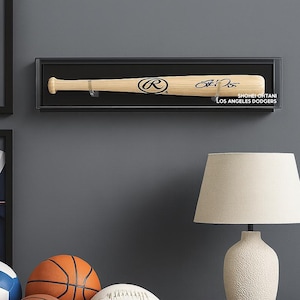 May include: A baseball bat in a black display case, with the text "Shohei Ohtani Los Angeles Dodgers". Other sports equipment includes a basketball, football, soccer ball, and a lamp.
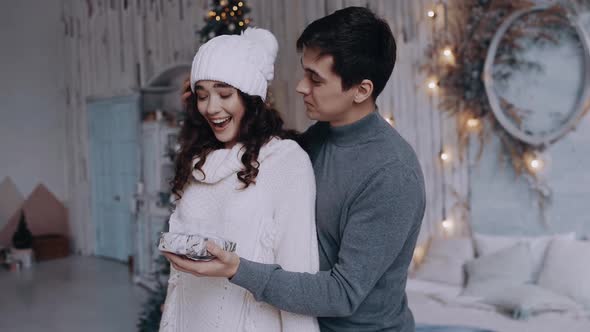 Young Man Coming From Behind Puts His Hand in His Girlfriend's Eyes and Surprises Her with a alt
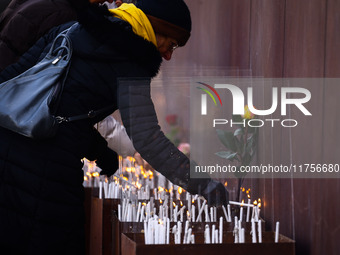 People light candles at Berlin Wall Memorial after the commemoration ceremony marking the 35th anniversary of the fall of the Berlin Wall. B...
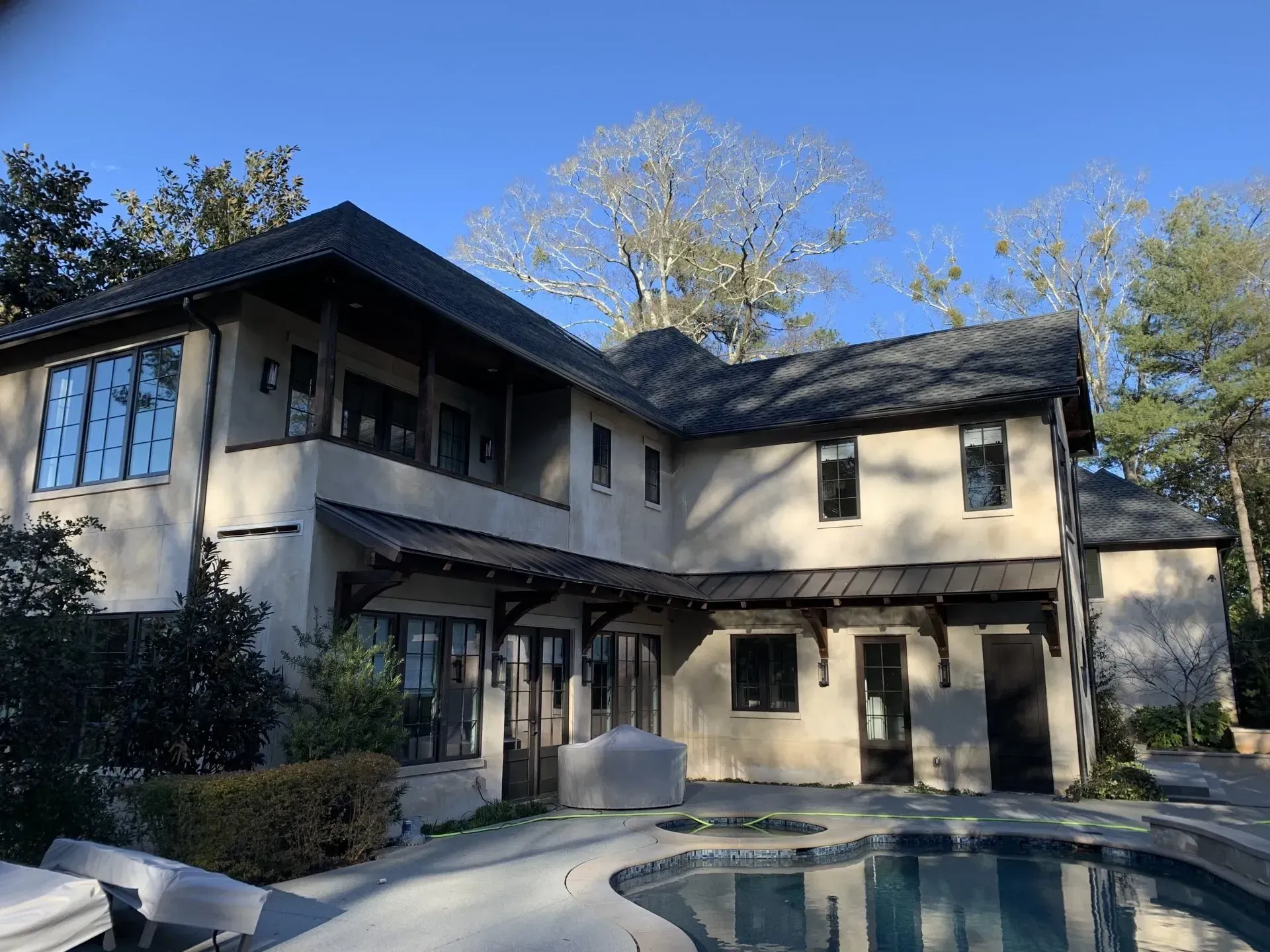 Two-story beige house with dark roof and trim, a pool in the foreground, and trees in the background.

> INSTRUCTIONS FOR THE TASK:
Return the whole listing word for word. Pictures stay out of it.

> WRITTEN RESPONSE:
 May include: A baseball bat in a black display case, with the text "Shohei Ohtani Los Angeles Dodgers". Other sports equipment includes a basketball, football, soccer ball, and a lamp.
 Young Man Coming From Behind Puts His Hand in His Girlfriend's Eyes and Surprises Her with a alt
 People light candles at Berlin Wall Memorial after the commemoration ceremony marking the 35th anniversary of the fall of the Berlin Wall. B...
 Two-story beige house with dark roof and trim, a pool in the foreground, and trees in the background.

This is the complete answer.